From the April 01, 2011 issue of Futures Magazine • Subscribe!

Measuring wheat’s downward moves

Wheat prices began a steady climb when Russia banned wheat exports in August 2010 because of a poor harvest. Both Russia and India now are considering extending their wheat export ban. By February 2011, wheat prices climbed to near 2008 levels. Flooding in Australia and buying by Middle Eastern countries at that time supported elevated wheat prices. A drought in Chinese grain was looking dismal, but has since resolved, and the dollar decline also prodded wheat higher. Most recently, the catastrophe in Japan and improved weather conditions in the Midwest have been detrimental to price. "Breaking it down" (below) shows a daily wheat chart with a few technical setups for a short side position that would have yielded large profits.

Divergence: Divergence is a powerful filter to look for potential trades. In this chart, the MACD histogram is setting lower highs while price is setting higher highs. This is called bearish divergence and clues the technical trader to an imminent downturn in price. One also can find divergence using the CCI or RSI among other oscillators.

Trendline on RSI indicator and the midline: Classic charting utilizes momentum and trend indicators. You can tell a beginning trader by the numerous technical studies they have on a single chart. It is best to pick one favorite momentum (RSI, stochastic or CCI) and one trend indicator (MACD or DMI). My favorite momentum indicator is the old fashioned RSI. It’s banded by over-bought at 70 and over-sold at 30. It can drag along the top or bottom at these levels depending on the strength of the move. A major benefit of the RSI is the ability to draw support and resistance trendlines on it. As seen in the chart, the RSI broke its supportive trendline prior to the trendline break in price, thus providing either a good filter or actual trade entry.

A key point of the RSI indicator is the midline at 50; it acts as support or resistance. There are many fake-outs that often occur around this midline. Sometimes the RSI will dip just below 50, causing sell stops or new short positions to be filled. Then suddenly price will rebound. Likewise if crossing above 50, shorts will be covered only to see a resumed downward move. Be attentive when the RSI is near the midline. When the RSI moves staunchly through it, it denotes a change in momentum that makes for a great trade. Using smaller timeframes, 15-minute and 60-minute, can reduce, but not eliminate, fake-outs. These fake-outs wreak havoc on those using RSI midline strategies. RSI signals tend to be stronger when they are confirmed in multiple time frames.

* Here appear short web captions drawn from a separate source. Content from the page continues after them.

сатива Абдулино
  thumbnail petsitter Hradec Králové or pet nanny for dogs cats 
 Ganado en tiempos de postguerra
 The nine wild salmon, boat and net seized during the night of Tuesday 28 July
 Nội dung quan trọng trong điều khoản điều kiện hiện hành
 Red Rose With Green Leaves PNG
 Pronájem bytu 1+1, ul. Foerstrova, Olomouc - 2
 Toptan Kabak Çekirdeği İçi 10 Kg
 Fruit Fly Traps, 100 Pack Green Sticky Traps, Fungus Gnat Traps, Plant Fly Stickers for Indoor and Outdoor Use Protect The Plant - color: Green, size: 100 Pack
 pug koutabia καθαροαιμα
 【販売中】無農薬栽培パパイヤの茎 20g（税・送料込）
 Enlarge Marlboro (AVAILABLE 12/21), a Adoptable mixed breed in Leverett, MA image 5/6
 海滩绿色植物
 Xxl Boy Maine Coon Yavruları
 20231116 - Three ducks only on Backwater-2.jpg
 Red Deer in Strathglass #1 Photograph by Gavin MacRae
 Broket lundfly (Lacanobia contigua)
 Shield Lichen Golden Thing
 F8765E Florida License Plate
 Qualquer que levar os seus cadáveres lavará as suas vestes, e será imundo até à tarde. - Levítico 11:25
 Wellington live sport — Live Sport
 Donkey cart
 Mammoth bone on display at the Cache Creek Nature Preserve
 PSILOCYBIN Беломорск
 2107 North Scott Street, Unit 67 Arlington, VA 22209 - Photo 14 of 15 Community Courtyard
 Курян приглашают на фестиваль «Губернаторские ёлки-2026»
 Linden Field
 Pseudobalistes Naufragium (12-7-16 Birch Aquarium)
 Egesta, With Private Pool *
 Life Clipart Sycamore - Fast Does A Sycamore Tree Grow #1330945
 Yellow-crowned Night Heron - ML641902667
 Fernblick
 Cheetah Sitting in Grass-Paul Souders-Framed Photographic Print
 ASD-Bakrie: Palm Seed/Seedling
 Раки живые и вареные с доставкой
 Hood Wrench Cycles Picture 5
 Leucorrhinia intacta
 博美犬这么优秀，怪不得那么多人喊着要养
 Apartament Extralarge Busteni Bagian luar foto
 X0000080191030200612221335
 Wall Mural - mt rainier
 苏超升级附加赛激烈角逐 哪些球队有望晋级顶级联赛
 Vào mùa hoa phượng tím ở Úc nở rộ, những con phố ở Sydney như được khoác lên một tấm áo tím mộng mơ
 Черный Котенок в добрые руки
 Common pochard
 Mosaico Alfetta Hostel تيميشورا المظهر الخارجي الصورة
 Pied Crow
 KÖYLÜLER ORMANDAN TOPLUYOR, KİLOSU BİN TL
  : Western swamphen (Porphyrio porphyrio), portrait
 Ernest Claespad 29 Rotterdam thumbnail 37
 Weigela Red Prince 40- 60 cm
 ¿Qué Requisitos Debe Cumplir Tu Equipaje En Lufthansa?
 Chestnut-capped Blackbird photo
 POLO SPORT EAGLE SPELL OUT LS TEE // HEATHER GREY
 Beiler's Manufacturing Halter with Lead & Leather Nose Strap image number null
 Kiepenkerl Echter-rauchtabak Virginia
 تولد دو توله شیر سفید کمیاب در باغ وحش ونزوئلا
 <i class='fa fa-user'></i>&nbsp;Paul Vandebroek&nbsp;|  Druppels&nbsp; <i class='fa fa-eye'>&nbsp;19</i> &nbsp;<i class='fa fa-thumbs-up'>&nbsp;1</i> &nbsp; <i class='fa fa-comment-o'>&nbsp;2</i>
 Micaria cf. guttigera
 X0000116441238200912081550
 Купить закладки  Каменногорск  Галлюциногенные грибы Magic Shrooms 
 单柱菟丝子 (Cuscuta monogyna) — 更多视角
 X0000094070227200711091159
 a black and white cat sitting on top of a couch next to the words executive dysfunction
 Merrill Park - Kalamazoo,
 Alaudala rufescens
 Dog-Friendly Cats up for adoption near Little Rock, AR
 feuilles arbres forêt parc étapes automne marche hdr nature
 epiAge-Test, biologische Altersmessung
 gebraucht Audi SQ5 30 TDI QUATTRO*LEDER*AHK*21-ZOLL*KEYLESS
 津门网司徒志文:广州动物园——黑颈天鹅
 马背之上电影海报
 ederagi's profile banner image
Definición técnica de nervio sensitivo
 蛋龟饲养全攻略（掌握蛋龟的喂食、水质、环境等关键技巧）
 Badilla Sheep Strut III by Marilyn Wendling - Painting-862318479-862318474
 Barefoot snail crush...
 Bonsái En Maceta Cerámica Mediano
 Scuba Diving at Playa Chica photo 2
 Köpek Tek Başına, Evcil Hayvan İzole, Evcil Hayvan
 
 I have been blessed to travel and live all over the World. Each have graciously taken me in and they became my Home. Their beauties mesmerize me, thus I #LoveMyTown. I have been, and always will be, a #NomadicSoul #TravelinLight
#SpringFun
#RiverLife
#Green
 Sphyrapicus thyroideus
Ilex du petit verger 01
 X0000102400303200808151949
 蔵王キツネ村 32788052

Hand drawn channels: Observe the main trendline in “Breaking it down.” Channel lines equidistant above and below the dominant trendline based on a move away from the main trendline. For example, once a move above the main trendline tops, the upwards channel is drawn and the lower channel also is drawn based on the move away from the mean. The bottom channel, in this case, becomes a price target if price breaks below the main trendline, which it did and traded directly to the projected channel line. Price action loves equal distance moves.

Several momentum and trend indicators hinted at wheat's sharp downward correction that began in February. Click on chart to enlarge.image

"A closer look" shows how wheat broke a dominant trendline and went limit down, 60¢, the next day. Several indicators as illustrated in "Breaking it down," foretold this tumble.

Price broke the 20-day simple moving average but rebounded intra-day off the RSI midline 50 support. Lower lows and the 20-day moving average then became resistance. RSI broke its trendline and the midline at 50. Price closed below the dominant trendline and tumbled to the "measured move" projected channel bottom. It then made another "measured move" down to an even lower hand drawn channel at $7.00. Finally, it reached an oversold RSI of 30 and began forming a bullish MACD divergence where price is lower than the last swing low, while the MACD histogram is a higher low. This made a set-up for a possible buy.

Look for another test of the RSI midline and a move above the 20-day SMA to signal a stronger buy opportunity. The first target would be the orignial bottom channel and the next would be the main trendline broken on Feb. 18.

Layne Hermansen is an individual trader residing in Utah.